F. Carter Tate, Atlanta, GA, with whom Christopher B. Little, Englewood, CO, was on the brief, for appellants in No. 92-7082.
Paul E. Ridley, with whom Peter F. Lovato, III, Dallas, TX, was on the brief, for appellee.
Before: EDWARDS, RUTH BADER GINSBURG and BUCKLEY, Circuit Judges.
Opinion for the court filed by Circuit Judge RUTH BADER GINSBURG.
RUTH BADER GINSBURG, Circuit Judge:
Two groups of former employees of the now-defunct Federal Asset Disposition Association (FADA) sued FADA's receiver, the Resolution Trust Corporation (RTC), in federal district court. Relying on state law, plaintiffs alleged that they had been denied payments due them under FADA's employee benefit policies. The district court held that plaintiffs' state-law claims were preempted by the Employee Retirement Income Security Act of 1974 (ERISA), 29 U.S.C. § 1140 et seq. See Alley v. Resolution Trust Corp.; Aristeguieta v. Resolution Trust Corp.,
We agree that ERISA preempted plaintiffs' state-law claims, but hold that the district court should have granted plaintiffs leave to amend their complaints to seek relief under ERISA. Accordingly, we affirm in principal part, reverse in part, and remand the cases to afford plaintiffs an opportunity to amend their complaints to assert any ERISA claims they may have.
I. BACKGROUND
In 1985, the Federal Home Loan Bank Board (FHLBB), acting as head of the Federal Savings and Loan Insurance Corporation (FSLIC), established FADA as a federally chartered savings and loan association.2 FADA's purpose, as stated in its charter, was to assist in the "acquisition or acceptance and orderly liquidation and disposition of assets acquired by [FSLIC]." Charter of Federal Asset Disposition Association § 4 (issued November 5, 1985), reprinted in Appendix to Brief of Appellee at 7. FSLIC owned all of FADA's stock, selected FADA's board of directors, and sent a representative to all FADA board meetings. FSLIC supplied FADA with $25 million in start-up capital and thereafter guaranteed a $50 million line of credit for FADA.

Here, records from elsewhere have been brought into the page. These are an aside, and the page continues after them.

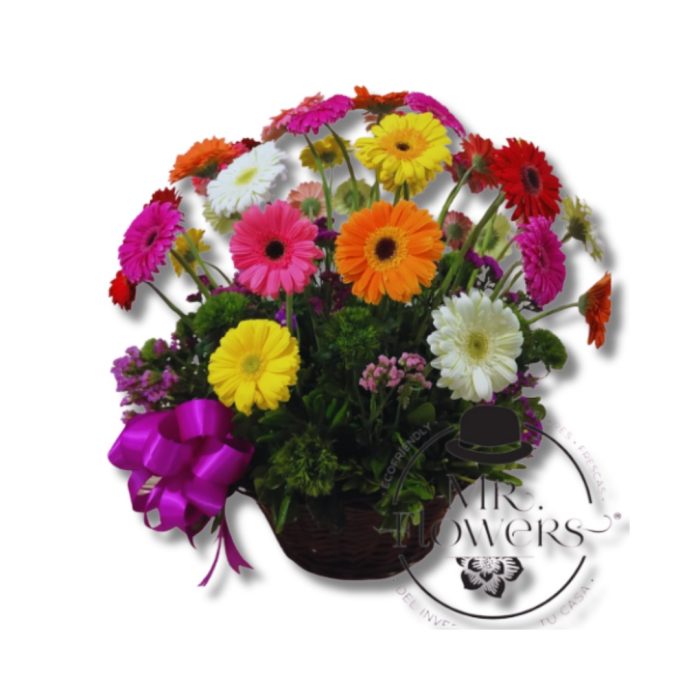 Canasta con 36 Gerberas Mixtas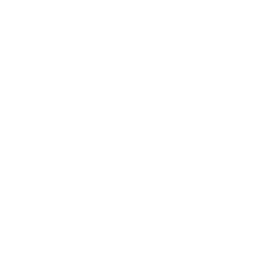 Inditex logo image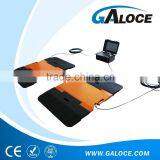 GPWA02 Digital Portable Axle Vehicle Weighing Scale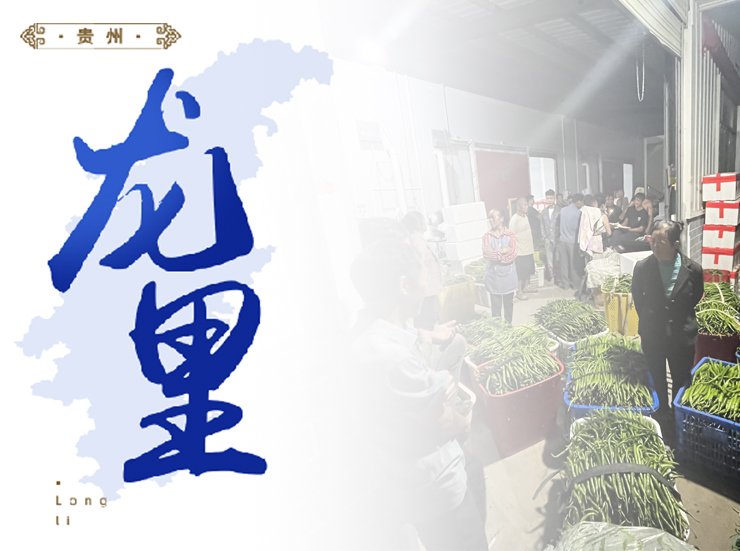 �Ϲ��羺-�����ɾͷǷ�,����Ʒ�Ƶ�����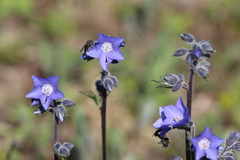 Polemonium acutiflorum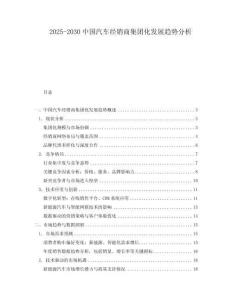 2025-2030中國汽車經銷商集團化發展趨勢分析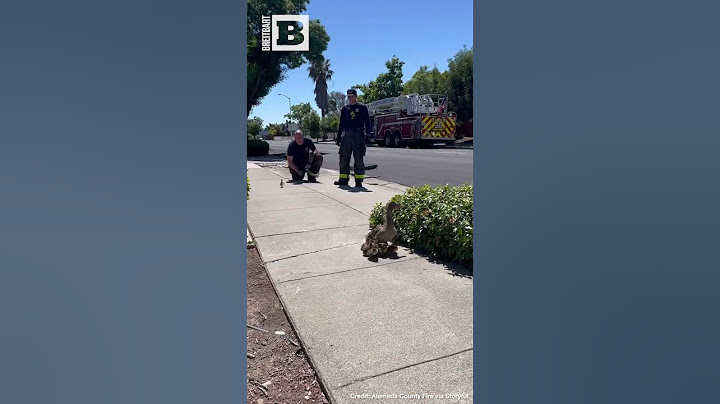 LUCKY DUCKIES! California Firefighters Rescue Ducklings TRAPPED in Storm Drain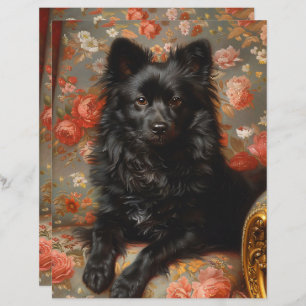 Regal Schipperke Chien Vintage papier à scandale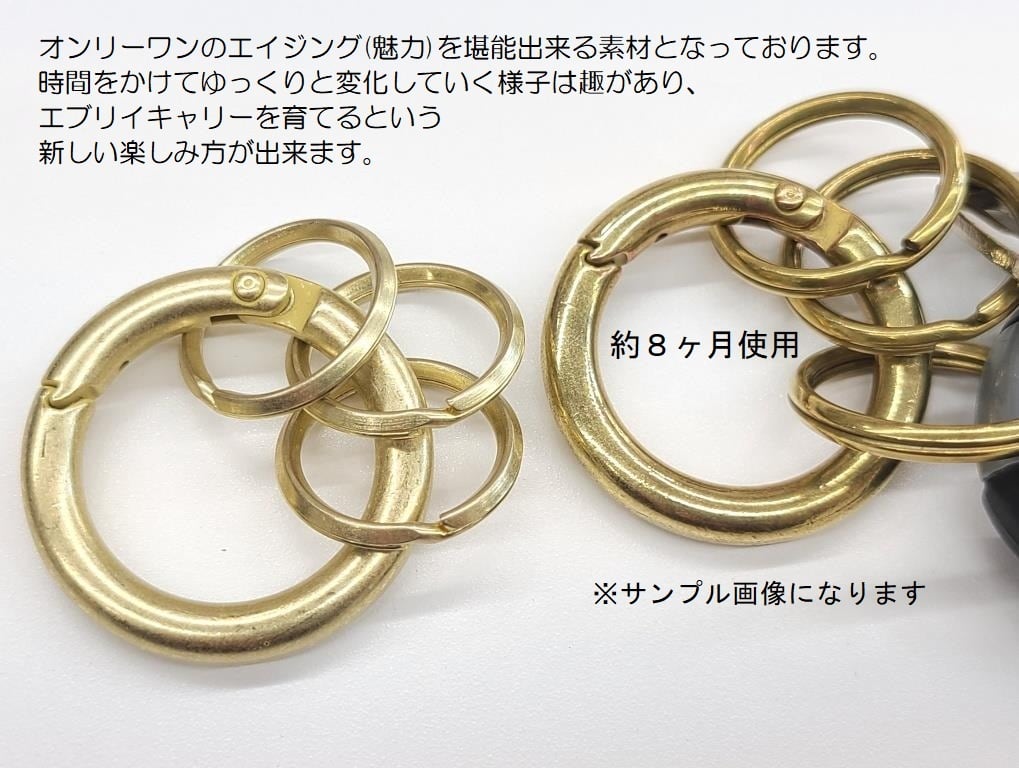 k116 》 ◇ Patina gold Set up Connect ◇ LE Hook Carabiner SWISS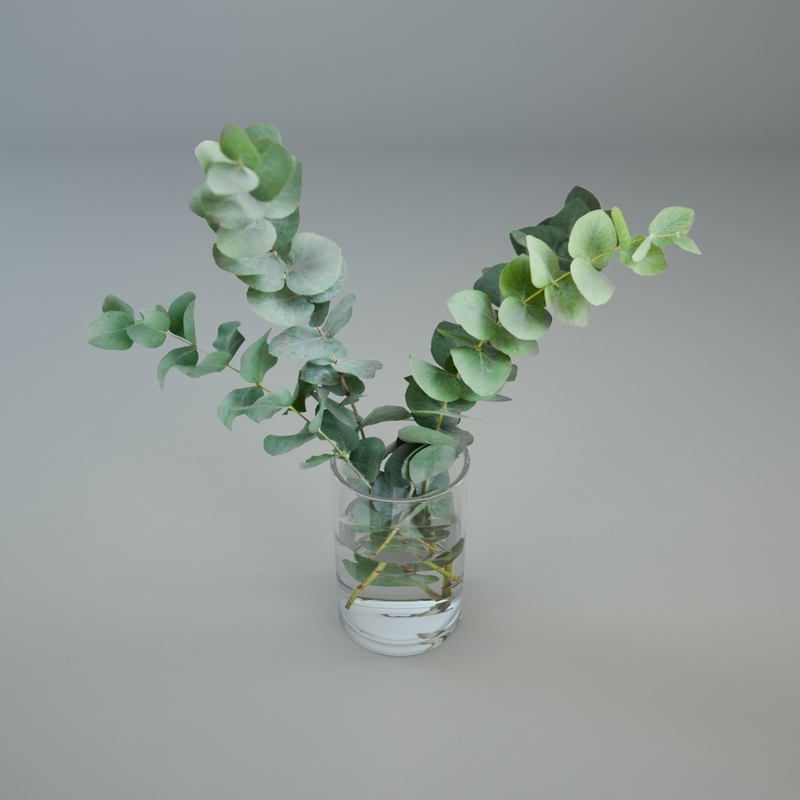 Eucalyptus glass vase 3D 1147224 TurboSquid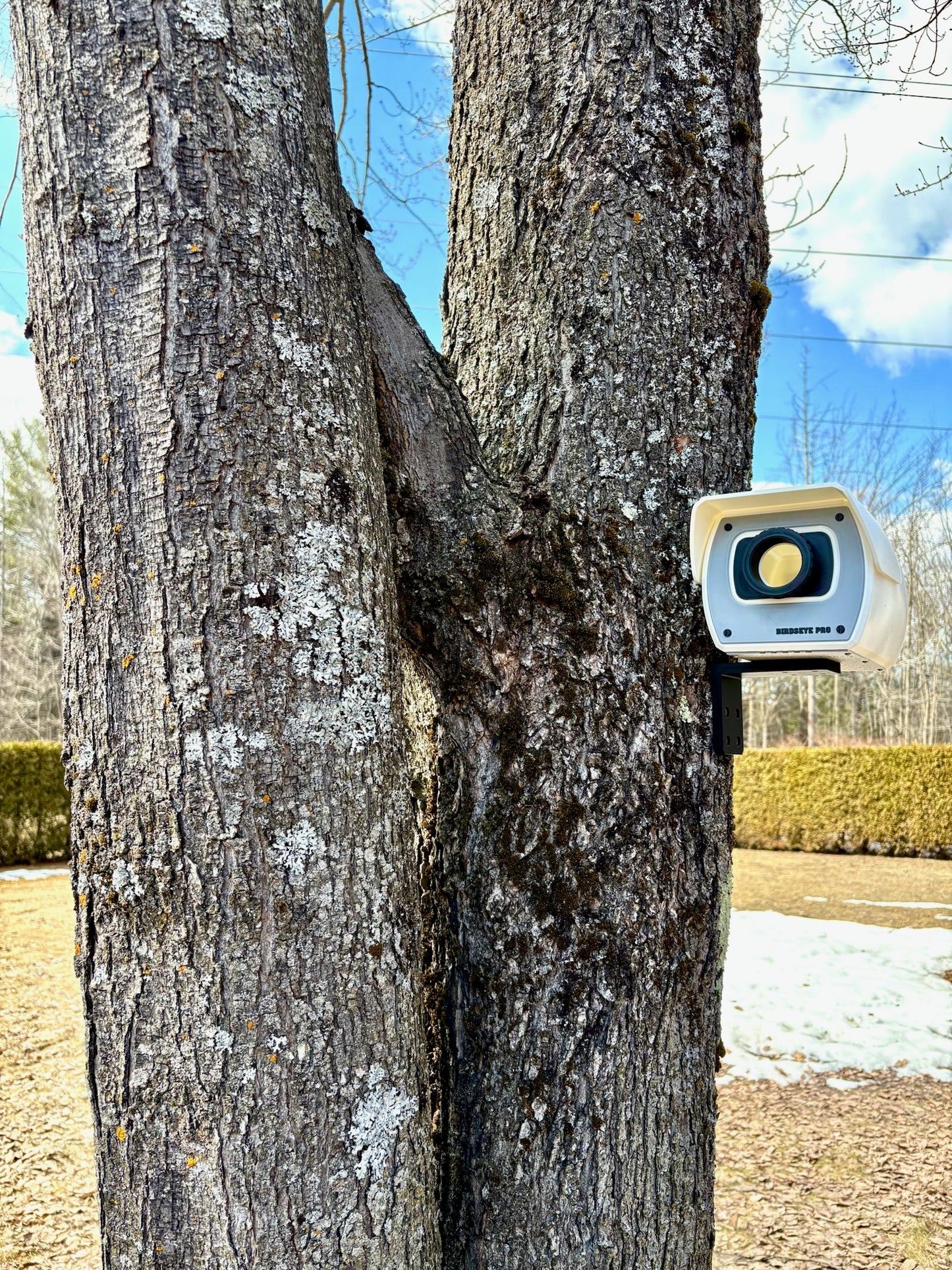Birdseye Pro Birdhouse – For Birds Who Like to Be Watched (Kind Of 😄)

Although FADA thus operated under federal agency (FSLIC) auspices, its raison d'etre was to bring private-sector efficiency to FSLIC's efforts to dispose of the assets of failed savings and loan institutions. As described by the General Accounting Office, FADA was designed[
General Accounting Office, Analysis of the Legal Status of Certain Federal Home Loan Bank System Entities (submitted September 6, 1988), reprinted in 134 Cong.Rec. E3353, E3354 (daily ed. October 7, 1988). Consistent with this private-sector orientation, the voting members of FADA's board of directors were private individuals rather than government officials or employees. FADA's employees were not subject to the federal civil service regime3 and were paid salaries competitive with those paid by private financial institutions. FADA's income, on which it paid federal and state taxes, derived from fees charged clients (primarily FSLIC) for FADA's asset management and consulting services. By 1988, FADA had more than 250 employees and was managing over four billion dollars in assets.

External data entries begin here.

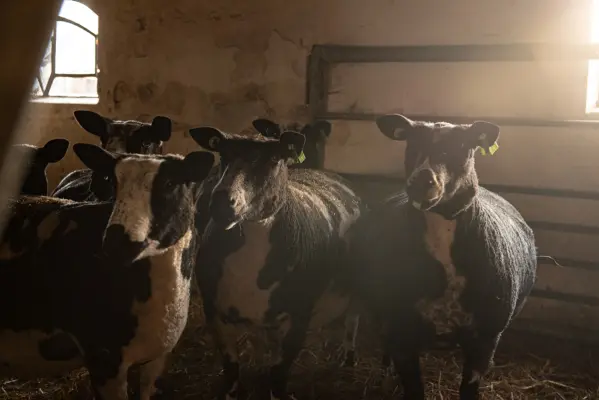 Afbeelding Boer met Lust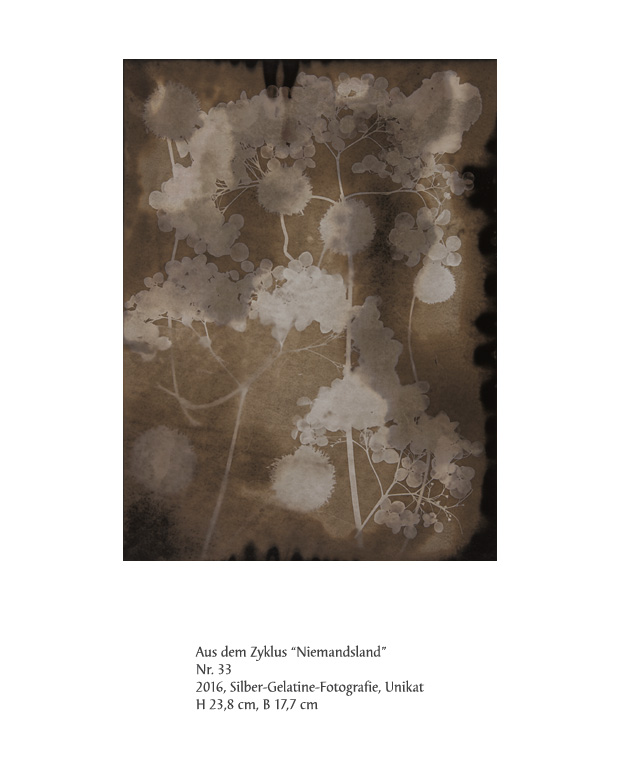 Uwe Klos, Niemandsland Nr. 33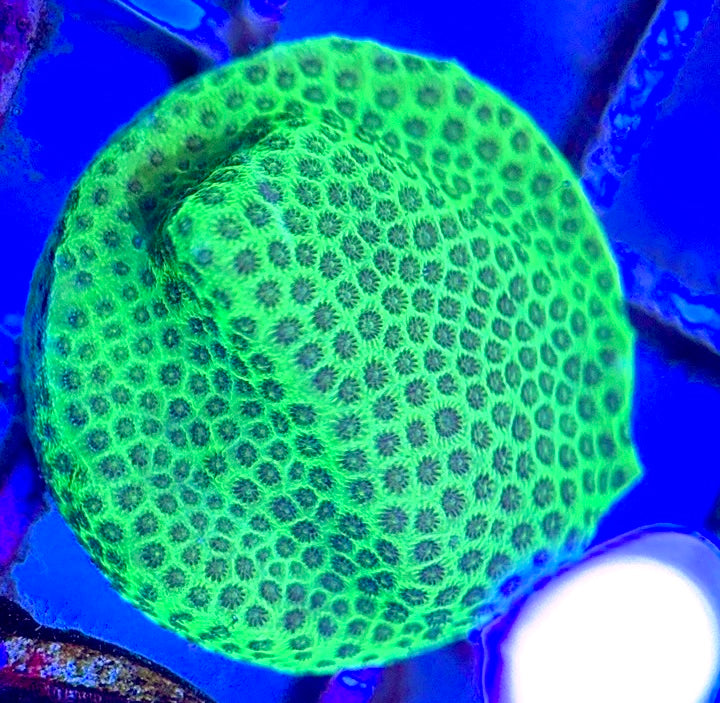 Tropic Thunder Montipora TTM102603 WYSIWYG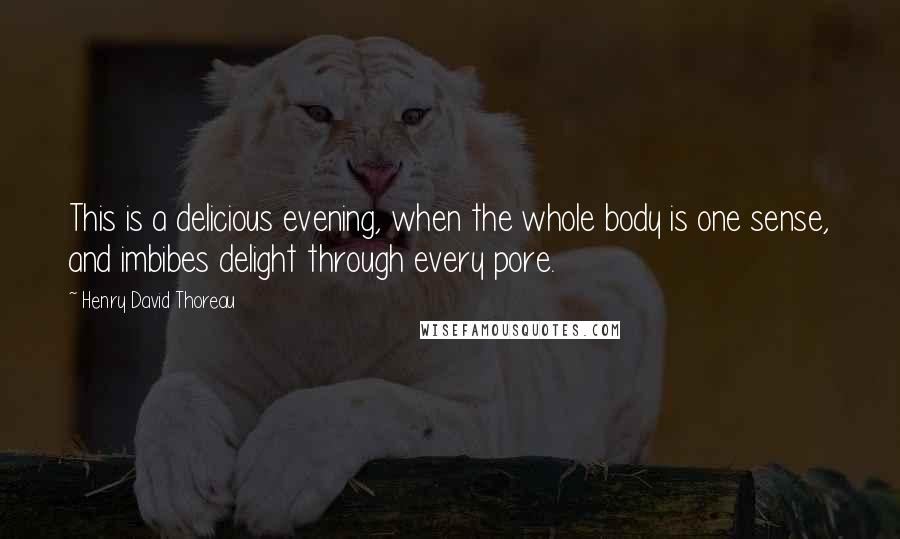 Henry David Thoreau Quotes: This is a delicious evening, when the whole body is one sense, and imbibes delight through every pore.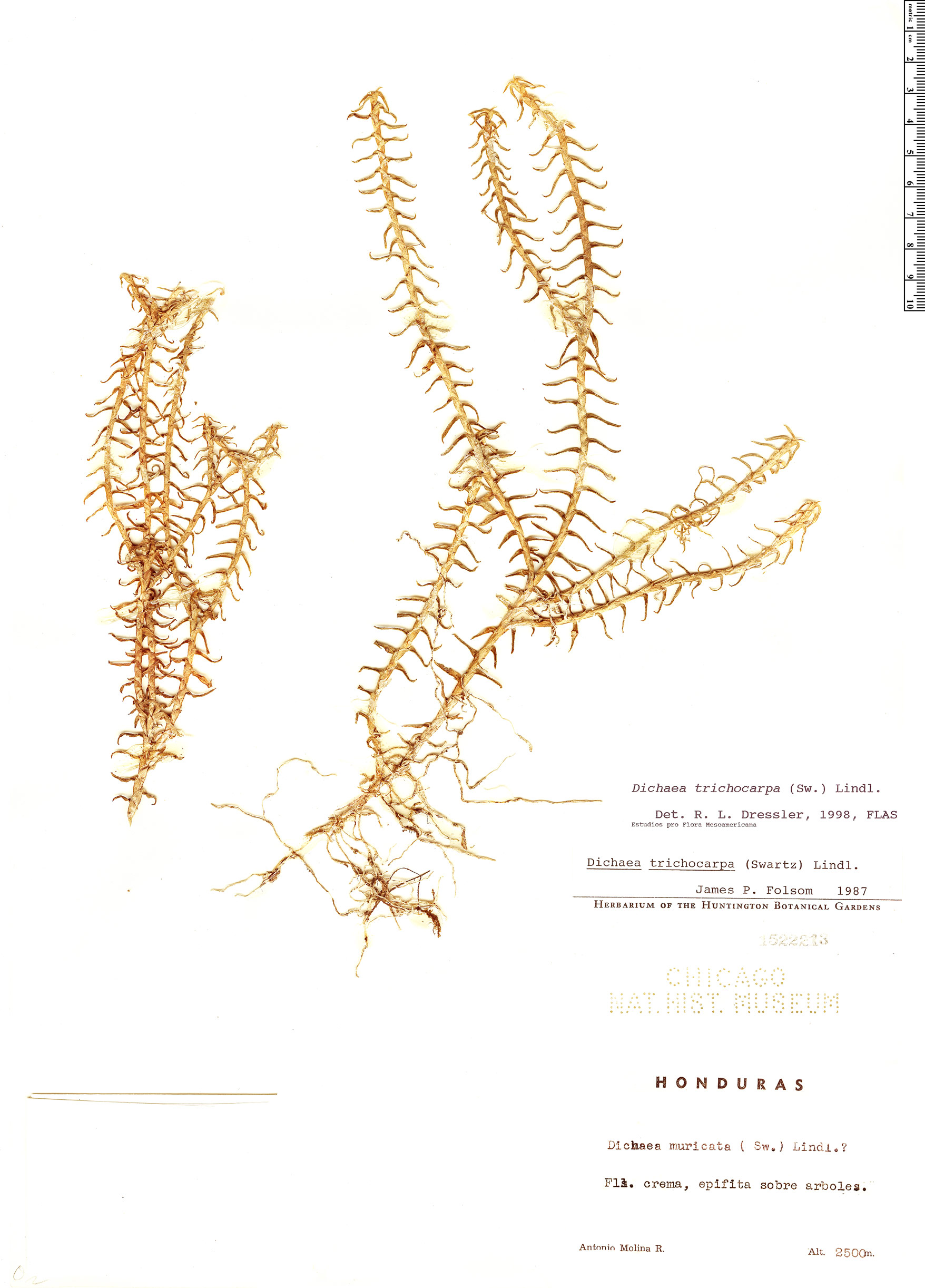 Dichaea trichocarpa image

In May 1988, FADA's board of directors adopted a severance pay plan, Policy No. 820, titled Reduction in Force and Separation Pay. See Federal Asset Disposition Association, Personnel Policy Manual: Policy No. 820 (dated May 3, 1988), reprinted in Alley Stipulated Appendix at 200. Later that year, FADA's board amended Policy No. 820 to provide for a "supplemental severance" or "retention" benefit, including a lump sum payment equal to four months' salary. See Federal Asset Disposition Association, Personnel Policy Manual: Policy No. 820 (Addendum), Employee Retention Plan (dated Sept. 29, 1988), reprinted in Alley Stipulated Appendix at 202. Circumstances unfolding in 1988 indicated that FADA might soon be abolished by act of Congress; the "retention benefit" was geared to those FADA employees who, in the event of FADA's closure by statute, would nevertheless remain on board until FADA's actual "date of termination."4 In 1989, Policy No. 820 was again amended to provide that the retention benefit would not be available to FADA employees who received a "comparable offer of employment" from FADA's "successor."5
As part of the Financial Institutions Reform, Recovery, and Enforcement Act of 1989 (FIRREA), Congress ordered that FADA be liquidated. See FIRREA § 501(f), Pub.L. No. 101-73, 103 Stat. 383 (providing that, within 180 days of FIRREA's enactment, the RTC "shall liquidate the Federal Asset Disposition Association"); FIRREA § 501(b)(3)(B), Pub.L. No. 101-73, 103 Stat. 369 (duties of RTC to include managing FADA pending its liquidation). FADA's offices closed in late 1989 and early 1990; on February 5, 1990, FADA was placed in receivership and its assets were transferred to the RTC as receiver. In December 1989, about 175 [
Plaintiffs in these actions complain that RTC has wrongfully refused to pay them the severance and retention benefits to which they are entitled under Policy No. 820, as amended.7 They assert reliance on FADA's representation that employees who stayed with FADA through its final days would receive the retention benefits. Plaintiffs sought recovery under various state law theories: breach of contract; breach of fiduciary duty; promissory estoppel; and violation of state statutes. RTC asserted ERISA preemption in its answer, a defense RTC emphasized throughout the litigation. Plaintiffs, nevertheless, insisted on their alleged rights to recover under state law and did not amend their complaints to plead ERISA as an alternate basis for relief.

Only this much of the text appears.